Tuesday, 11 December 2007

My New Sufjan Stevens CD

2007 has been the first year in a while without a new Sufjan Stevens CD release, and it's been tough! After Avalanche and Songs for Christmas in 2006 I guess we've been spoilt.

However, trawling the internet for anything Sufjan, soon reveals a varied bag of out-takes, B-sides, orphans, one-offs, tribute songs etc. I reckon I've collected most of them by now, but I'd be deluding myself and others if I claimed they were all fantastic. Oh no, they're not all great by any means, but some of these neglected tracks are really good - too good to remain internet curiosities. They deserve better... they deserve to be enjoyed on your CD player.

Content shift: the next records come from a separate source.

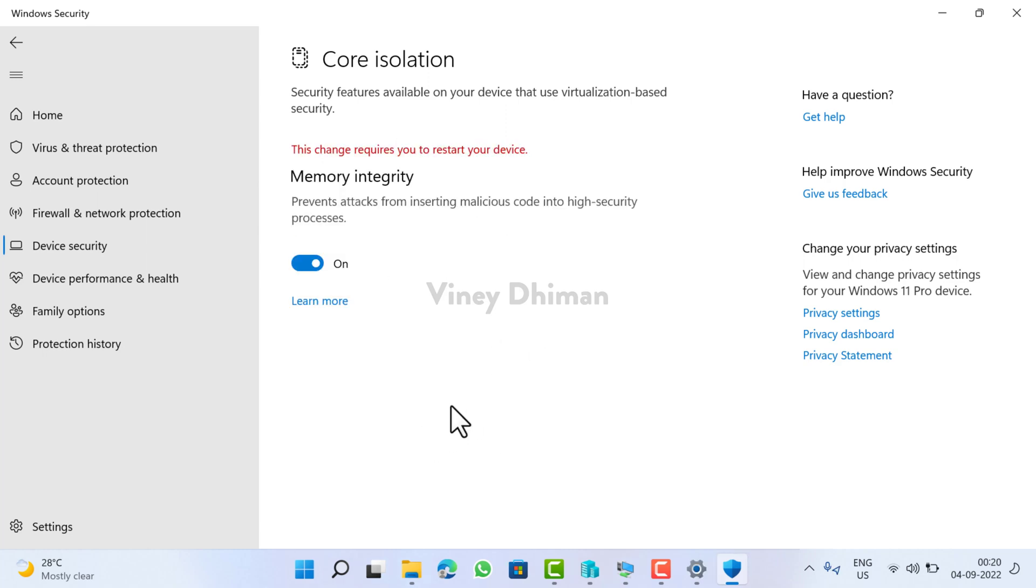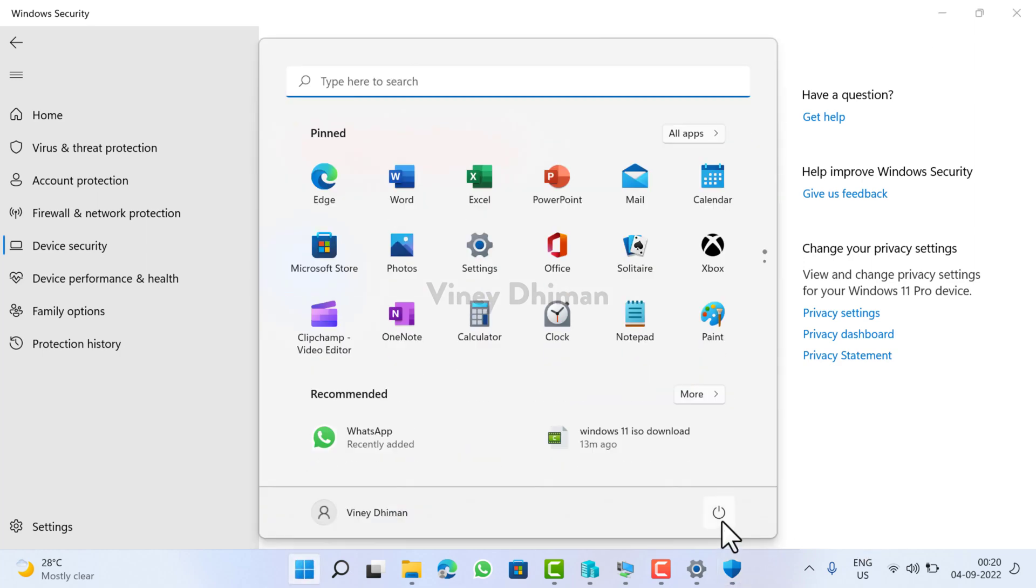Now once done, you will get this message that this change requires you to restart your device. So you need to restart.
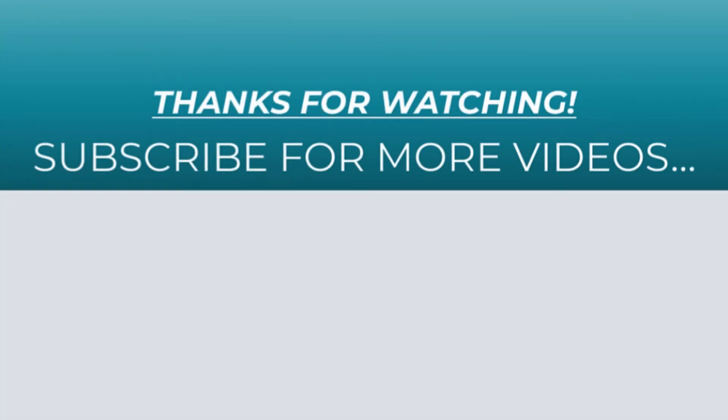So thanks for watching this video. If you found it helpful do like it, share it, and don't forget to subscribe to my YouTube channel for more videos.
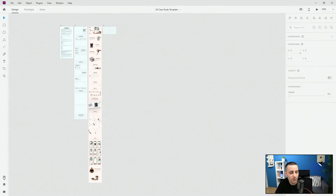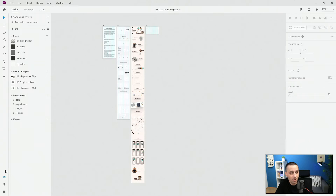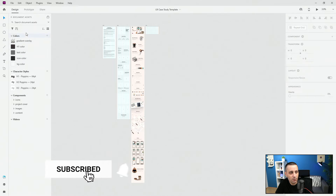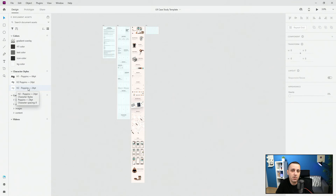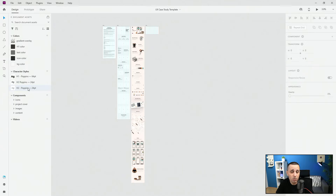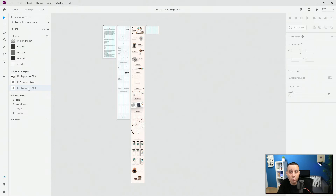Here in the assets panel on the left, you can click on the libraries icon to open up all of these document assets. Here you have just a few colors which I prepared for this template, and down below you have character styles which use Poppins — a free Google font and Adobe font. At any point you can change it to reflect your client's design, which I highly recommend. If your client uses a custom font and you have it installed, make sure that font is reflected in your case study presentation.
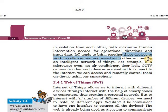For example, we can connect our mobile phone with an air conditioner, door lock system, and CCTV cameras. If we have connected all of them with the Internet, we can monitor and control all of them remotely.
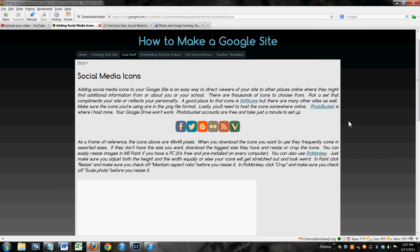Adding social media icons to your Google site is really easy to do. You will have to use just a little bit of HTML code, but you don't have to know how to code in order to do that. It's pretty easy. The sites will help you do it.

So I decided to take matters into my own hands by making my own 'new' Sufjan CD. After discarding some grungy and glitchy tracks like The First Full Moon and All Delighted People, as well as some live oddities like Sufjan's own Star Spangled Banner, I'm left with a collection of acoustic bluesy numbers of surprisingly high production quality.

I'm not sure about the origins of all the tracks although most have the hallmarks of the Michigan or Seven Swans sessions. If you love The Avalanche then you won't need any further convincing about the worth of Sufjan's out-takes. If you prefer Seven Swans to the state CDs this will be right up your street.

So here's the running order of the 39 minute CD, which I've called:

Wolverine, and other cruelly neglected songs by Sufjan Stevens.

1. I Went Dancing With My Sister
2. Wolverine
3. Damascus
4. I Can't Even Lift My Head
5. Waste Of What Your Kids Won't Have
6. Opie's Funeral Song
7. Far Physician's Son
8. Borderline
9. The Lord God Bird
10. Variations On Commemorative Transfiguration And Communion At Magruder Park
11. Woman At The Well

Disclaimer: This is not an official Sufjan Stevens CD. It's not even an unofficial one. It's just my idea of a CD that could exist.